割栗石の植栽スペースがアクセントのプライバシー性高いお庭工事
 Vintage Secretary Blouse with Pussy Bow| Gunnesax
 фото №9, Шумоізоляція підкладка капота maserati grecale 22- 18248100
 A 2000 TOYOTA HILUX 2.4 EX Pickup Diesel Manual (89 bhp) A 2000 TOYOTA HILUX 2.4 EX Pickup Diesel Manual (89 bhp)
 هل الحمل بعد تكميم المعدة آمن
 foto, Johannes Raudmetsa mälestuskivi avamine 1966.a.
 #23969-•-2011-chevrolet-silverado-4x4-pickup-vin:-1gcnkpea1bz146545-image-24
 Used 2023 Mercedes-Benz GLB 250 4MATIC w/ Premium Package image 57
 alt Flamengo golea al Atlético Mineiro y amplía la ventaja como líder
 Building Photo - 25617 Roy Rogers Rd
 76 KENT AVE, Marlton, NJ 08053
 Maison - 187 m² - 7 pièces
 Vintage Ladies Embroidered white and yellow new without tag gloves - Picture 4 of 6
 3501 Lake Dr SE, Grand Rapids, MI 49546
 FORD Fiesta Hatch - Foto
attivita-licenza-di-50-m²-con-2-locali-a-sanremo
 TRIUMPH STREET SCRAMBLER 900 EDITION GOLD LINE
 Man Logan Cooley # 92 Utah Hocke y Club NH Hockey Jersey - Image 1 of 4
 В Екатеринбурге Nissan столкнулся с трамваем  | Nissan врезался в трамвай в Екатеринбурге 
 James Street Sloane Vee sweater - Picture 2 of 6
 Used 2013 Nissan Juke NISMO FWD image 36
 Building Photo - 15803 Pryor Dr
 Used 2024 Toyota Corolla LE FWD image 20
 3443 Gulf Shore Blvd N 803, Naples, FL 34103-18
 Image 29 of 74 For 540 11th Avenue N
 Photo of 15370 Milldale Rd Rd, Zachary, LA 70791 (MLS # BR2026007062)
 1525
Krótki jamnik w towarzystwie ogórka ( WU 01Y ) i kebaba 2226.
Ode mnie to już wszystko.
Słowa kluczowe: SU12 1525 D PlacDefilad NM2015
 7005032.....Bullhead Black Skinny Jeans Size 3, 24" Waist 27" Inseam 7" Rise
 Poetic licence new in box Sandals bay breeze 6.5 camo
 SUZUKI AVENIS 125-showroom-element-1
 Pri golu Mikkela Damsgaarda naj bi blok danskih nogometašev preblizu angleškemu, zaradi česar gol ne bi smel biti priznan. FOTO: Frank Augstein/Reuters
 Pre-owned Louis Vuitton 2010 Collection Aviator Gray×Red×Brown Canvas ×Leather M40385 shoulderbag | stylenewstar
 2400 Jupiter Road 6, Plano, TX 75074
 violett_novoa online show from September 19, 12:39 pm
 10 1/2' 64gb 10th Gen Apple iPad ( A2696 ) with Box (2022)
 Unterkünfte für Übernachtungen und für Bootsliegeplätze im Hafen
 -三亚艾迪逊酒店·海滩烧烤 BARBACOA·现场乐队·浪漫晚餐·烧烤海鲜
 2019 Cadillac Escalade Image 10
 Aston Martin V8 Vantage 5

# # # #

What you have to do >> Go to the line in the material above that contains "foto, Johannes Raudmetsa" and copy exactly from there through the line that contains "Maison - 187 m² - 7 pièces", stopping after it.

Problem solution >>
 foto, Johannes Raudmetsa mälestuskivi avamine 1966.a.
 #23969-•-2011-chevrolet-silverado-4x4-pickup-vin:-1gcnkpea1bz146545-image-24
 Used 2023 Mercedes-Benz GLB 250 4MATIC w/ Premium Package image 57
 alt Flamengo golea al Atlético Mineiro y amplía la ventaja como líder
 Building Photo - 25617 Roy Rogers Rd
 76 KENT AVE, Marlton, NJ 08053
 Maison - 187 m² - 7 pièces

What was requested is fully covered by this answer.